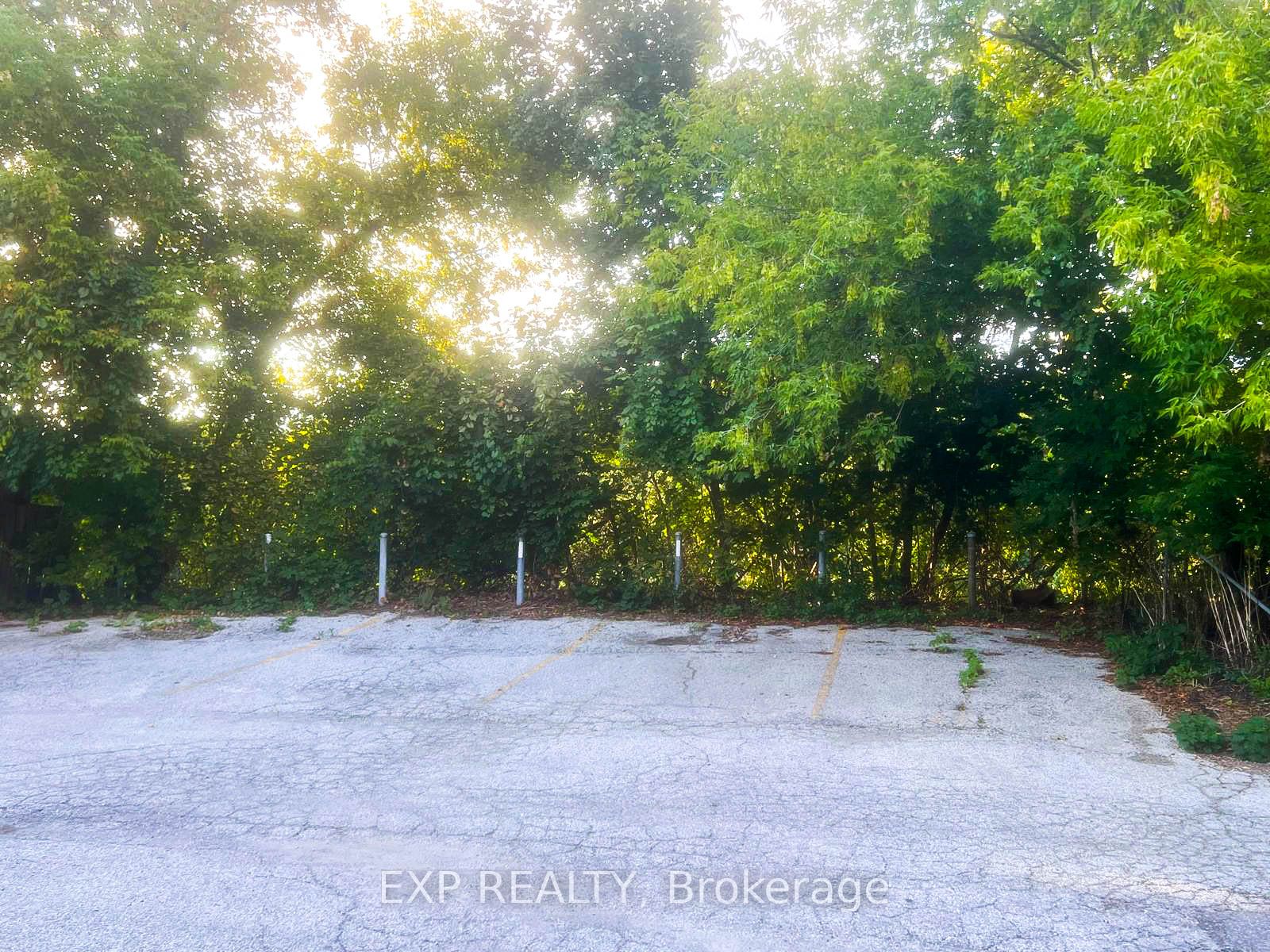 MLS #W12391121 image #19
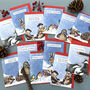 Funny Wildlife Christmas Card Pack Of 12, thumbnail 1 of 7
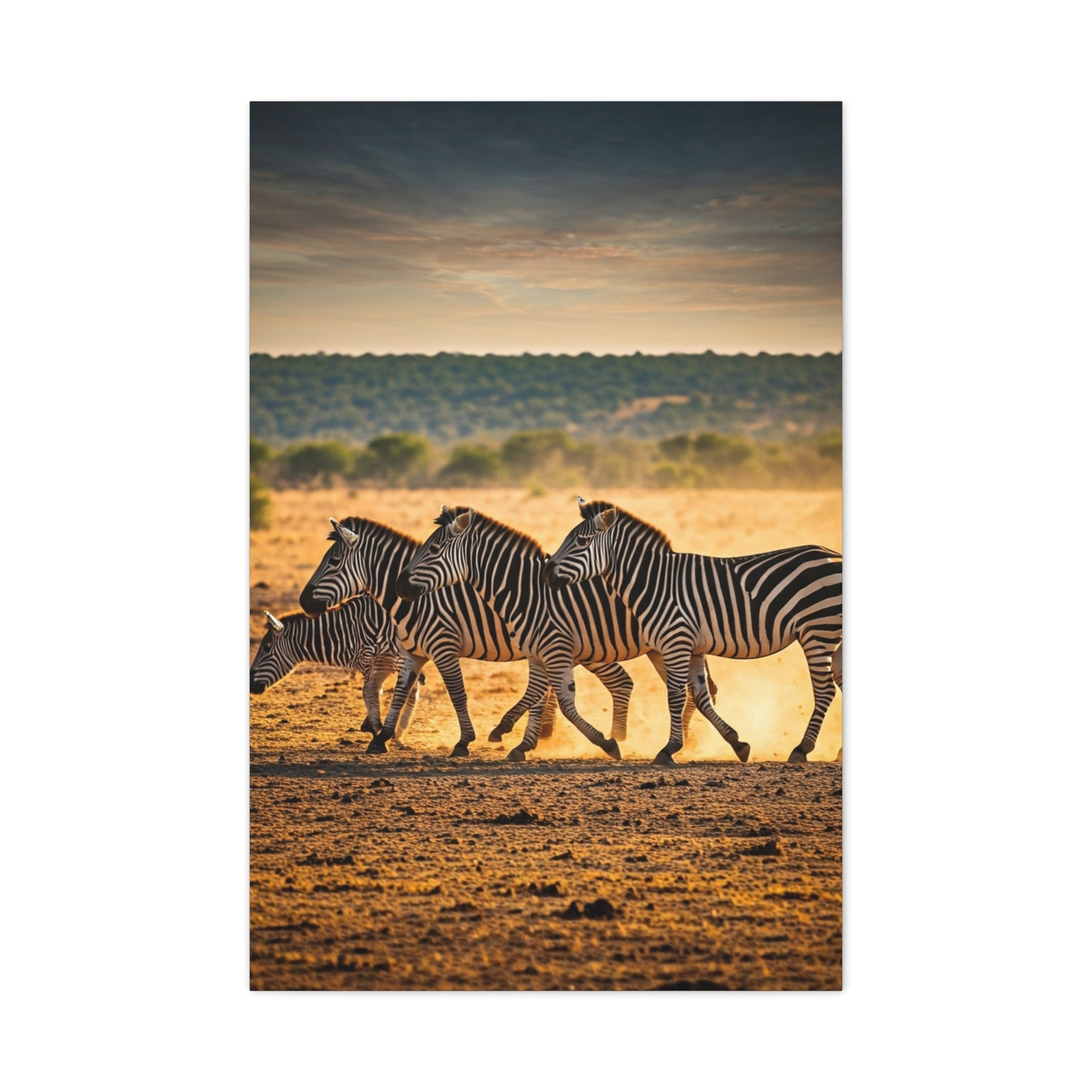 Zebra Duo Walking Across the Savannah Wall Art & Canvas Prints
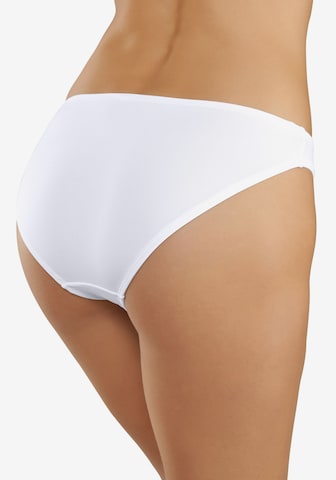 VIVANCE Panty in Mixed colors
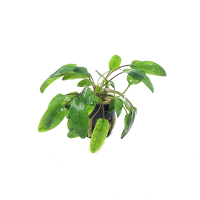 Cryptocoryne wendtii 'Green Gecko' - potted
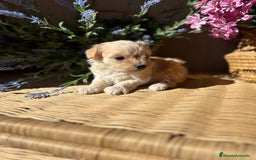 Maltipoo perros en venta: Maltipoo hembra Toy  - Imagen 5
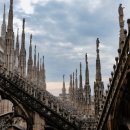 그라치에 이미지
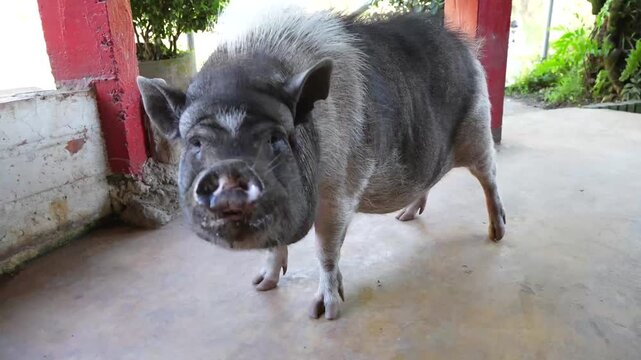 Mini pig pet in a rural natural environment.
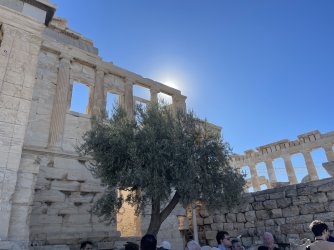 IMG_2285.jpeg IMG_2285.jpeg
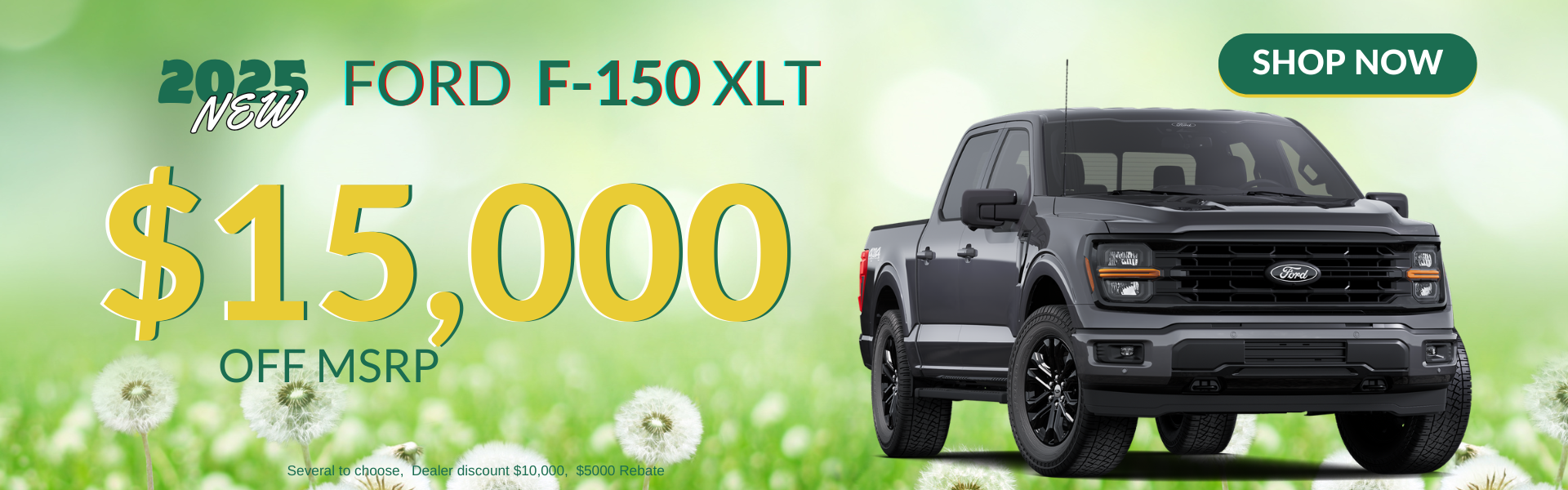 $15,000 OFF F-150 XLT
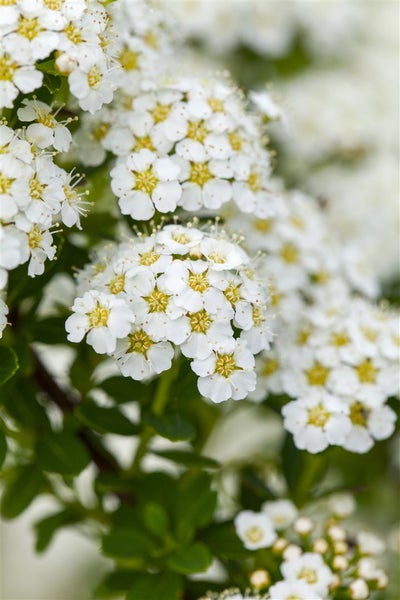 Spiraea arguta, Brautspiere, weiß, 60–80 cm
——
• **Task to complete**: Your copy of the records must be exact and must contain no pictures.

• **Result for this exercise**:
 MLS #W12391121 image #19
 Funny Wildlife Christmas Card Pack Of 12, thumbnail 1 of 7
 Zebra Duo Walking Across the Savannah Wall Art & Canvas Prints
 VIVANCE Panty in Mixed colors
 Cryptocoryne wendtii 'Green Gecko' - potted
 Maltipoo perros en venta: Maltipoo hembra Toy  - Imagen 5
 그라치에 이미지
 Mini pig pet in a rural natural environment.
 IMG_2285.jpeg IMG_2285.jpeg
 $15,000 OFF F-150 XLT
 Spiraea arguta, Brautspiere, weiß, 60–80 cm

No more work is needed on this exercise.